Worker
Worker

Reputation: 2409

SQL: grouping by number of entries and entry date

I have the following table log:

event_time       | name |
-------------------------
2014-07-16 11:40    Bob
2014-07-16 10:00   John
2014-07-16 09:20    Bob
2014-07-16 08:20    Bob

2014-07-15 11:20    Bob
2014-07-15 10:20   John
2014-07-15 09:00    Bob

I would like to generate a report, where I can group data by number of entries per day and by entry day. So the resulting report for the table above would be something like this:

event_date   | 0-2 | 3 | 4-99 |
-------------------------------
2014-07-16      1    1      0
2014-07-15      2    0      0

I use the following approached to solve it:

If I find answer before anybody post it here, I will share it.

Added

I would like to count a number of daily entries for each name. Then I check to which column this value belongs to, and the I add 1 to that column.

Upvotes: 1

Views: 125

Answers (4)

Clockwork-Muse
Clockwork-Muse

Reputation: 13056

This is a variation on a PIVOT query (although PostgreSQL supports this via the crosstab(...) table functions). The existing answers cover the basic technique, I just prefer to construct queries without the use of CASE, where possible.
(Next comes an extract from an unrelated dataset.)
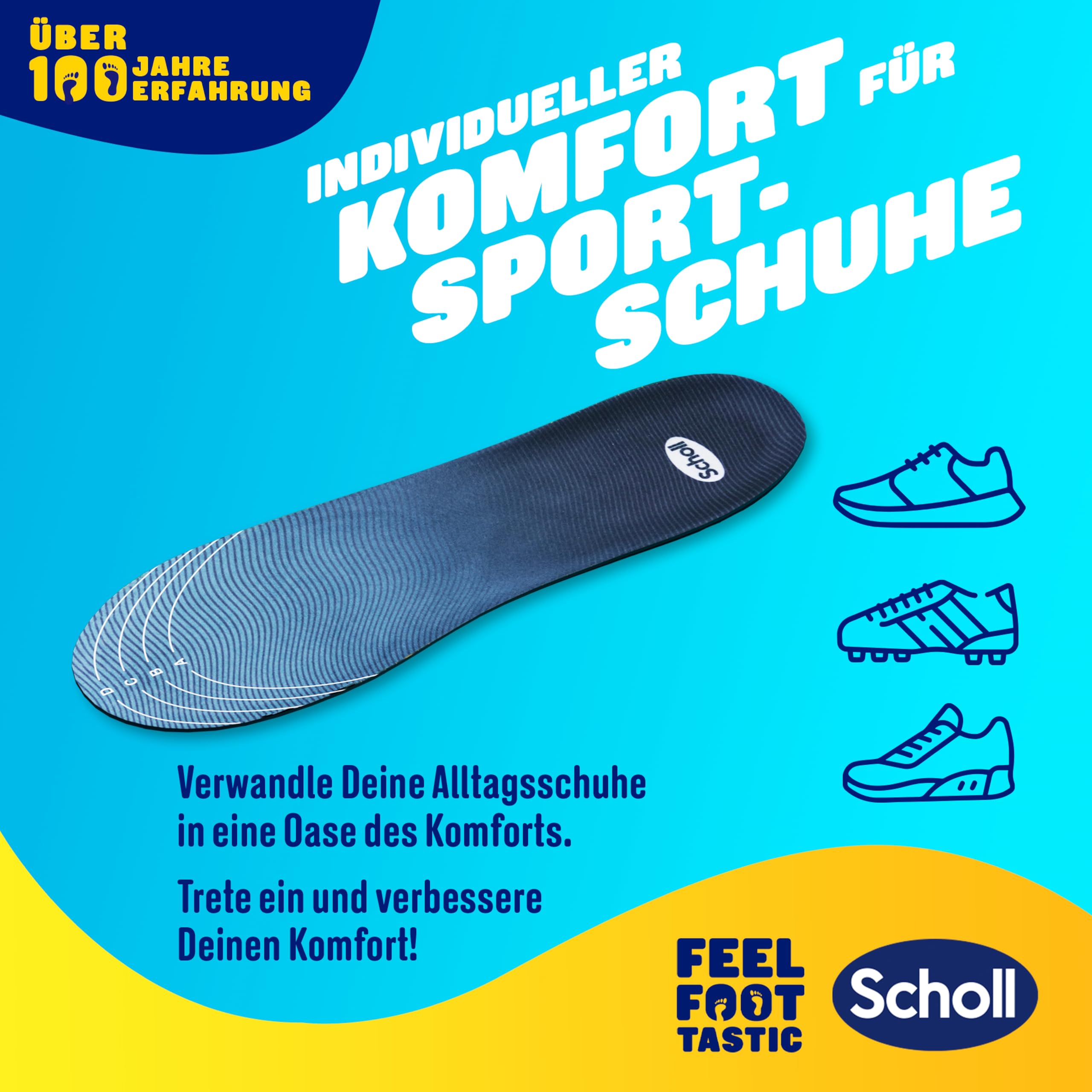Scholl GelActiv sportowe wkładki dla kobiet, wygodne wkładki do butów do biegania przez cały dzień dla świeżych i chłodnych stóp, super amortyzacja uderzeń i amortyzacja z technologią GelWave, rozmiar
To get started, we need a couple of things. The first is essentially a Calendar Table, or entries from one (if you don't already have one, they're among the most useful dimension tables). If you don't have one, the entries for the specified dates can easily be generated:

WITH Calendar_Range AS (SELECT startOfDay, startOfDay + INTERVAL '1 DAY' AS nextDay
                        FROM GENERATE_SERIES(CAST('2014-07-01' AS DATE),
                                             CAST('2014-08-01' AS DATE),
                                             INTERVAL '1 DAY') AS dr(startOfDay))

SQL Fiddle Demo

This is primarily used to create the first step in the double aggregate, like so:

SELECT Calendar_Range.startOfDay, COUNT(Log.name)
FROM Calendar_Range
LEFT JOIN Log
       ON Log.event_time >= Calendar_Range.startOfDay
          AND Log.event_time < Calendar_Range.nextDay
GROUP BY Calendar_Range.startOfDay, Log.name

SQL Fiddle Demo

Remember that most aggregate columns with a nullable expression (here, COUNT(Log.name)) will ignore null values (not count them). This is also one of the few times it's acceptable to not include a grouped-by column in the SELECT list (normally it makes the results ambiguous). For the actual queries I'll put this into a subquery, but it would also work as a CTE.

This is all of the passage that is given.